Ryan had a heart attack in early September 1849 and died seven weeks later on 20 October. He was buried in the 19th century cemetery for St James's Church, Piccadilly, on 25 October 1849. The cemetery became St James's Gardens, Camden, in 1878 with only a few gravestones lining the edges of the gardens. His remains may have been moved when part of the gardens, which are located between Hampstead Road and Euston Station, were built over when Euston Station was expanded. St James's Gardens were closed in August 2017 in preparation for the expansion of Euston Station. His obituary in The Gentleman's Magazine in January 1850 gave an account of his literary successes, saying he had "devoted himself to literature from his early years, elevated it with success in several of its departments for nearly thirty years" but ended with a description of his final years: "We believe he was himself a bookseller at one period; but for many years past he was entirely dependent on his literary exertions, and finally sunk under the pressure of pecuniary distress and a broken constitution, leaving a widow in great distress." The words in the newspaper were almost identical to those giving approval for the last payment made by the Literary Fund to his widow after his death.

==Posthumous success==

Richard Ryan was acknowledged for his biographical work in the British Dictionary of National Biography in 1895.

His lyrics continued to be published for several years after his death.
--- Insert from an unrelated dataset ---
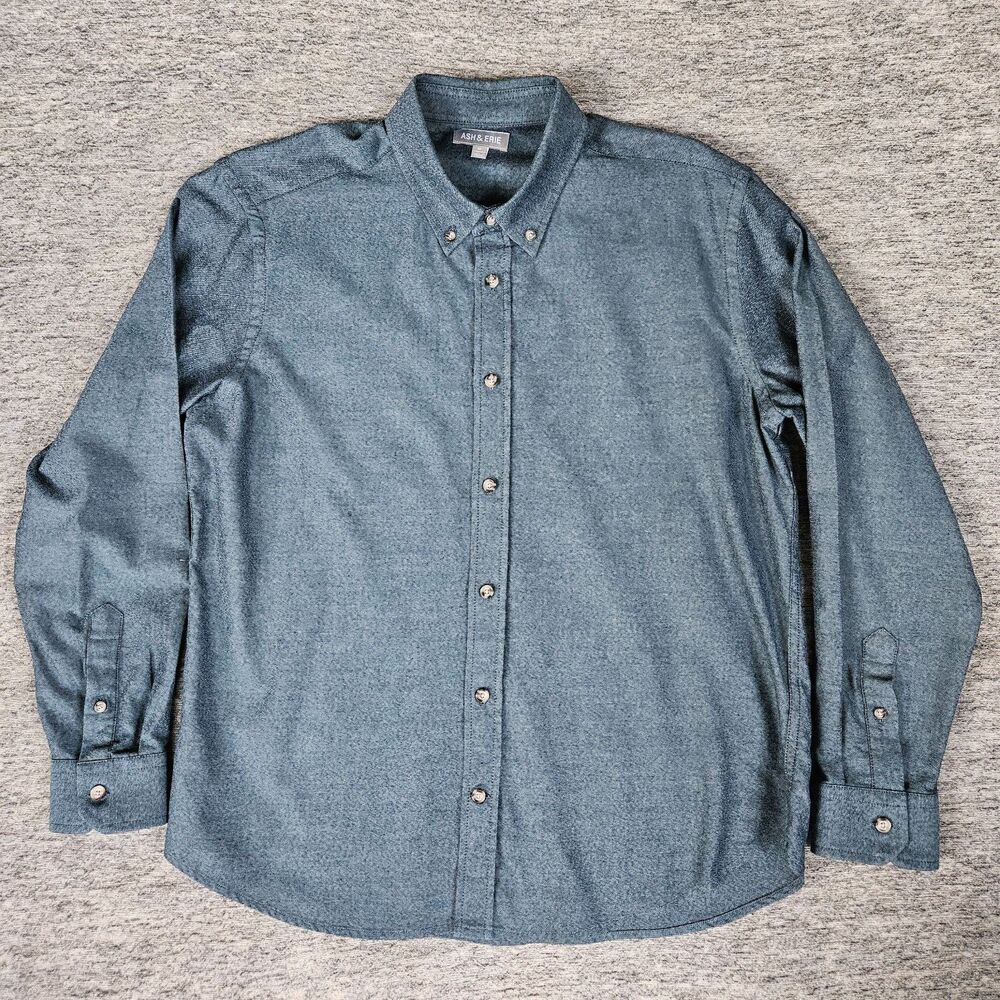 Ash & Erie Button Down Shirt Mens M Blue Long Sleeve Brushed Cotton Casual EUC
Published in his final year of life in 1849, "A Voice from the Waves" was written to music by Stephen Glover, an answer to a popular duet "What are the Wild Waves Saying".

A Voice from the Waves in the dead of night
alto
A voice from the waves in the dead of night,
Sung melodious o'er my pillow,
As I lay on my couch in slumber light,
Lull'd to rest by the heaving billow!
It spoke not of human hopes and fears,
That o'ercloud time's hours flying,
But it told of the dead of former years
That in ocean's bed were lying!

A voice from the waves in the dead of night
Sung melodious o'er my pillow,
As I lay on my couch in slumber light,
Lull'd to rest by the heaving billow!
Lull'd to rest,
Lull'd to rest by the heaving, the heaving billow!

duett
And thus it sung,
And thus it sung,
The voice the voice from the waves,
And thus it sung,
And thus it sung,
And thus, thus it sung
I come from the deep,

soprano
I come from the deep, I come from the deep,
Where the seaflower gently uncloses,
Where fiery youth hath a dreamless sleep,
And the warrior in calmness reposes
Where the parent and child lie side by side,
Doom'd by destiny ne'er to sever;
Where the husband fond, and his new made bride,
In death's embrace are clasp'd forever!

Each wave rolls over the burial place
Of earth's children in countless numbers,
Of ev'ry hue, and clime, and race
Where no tempest can break their slumbers.
Of ev'ry hue, and clime, and race
Where no tempest can break their slumbers.

duett
The voice was hush'd, the vision fled,
But my heart felt a pang of sorrow,
Till the daystar o'er me, her bright beams shed,
Commencing a glorious morrow!
'Till the daystar o'er me, her bright beams shed,
Commencing a glorious morrow,
Commencing, commencing a glorious, a glorious morrow.
The voice was hush'd, the vision fled.
The voice was hush'd, the vision fled.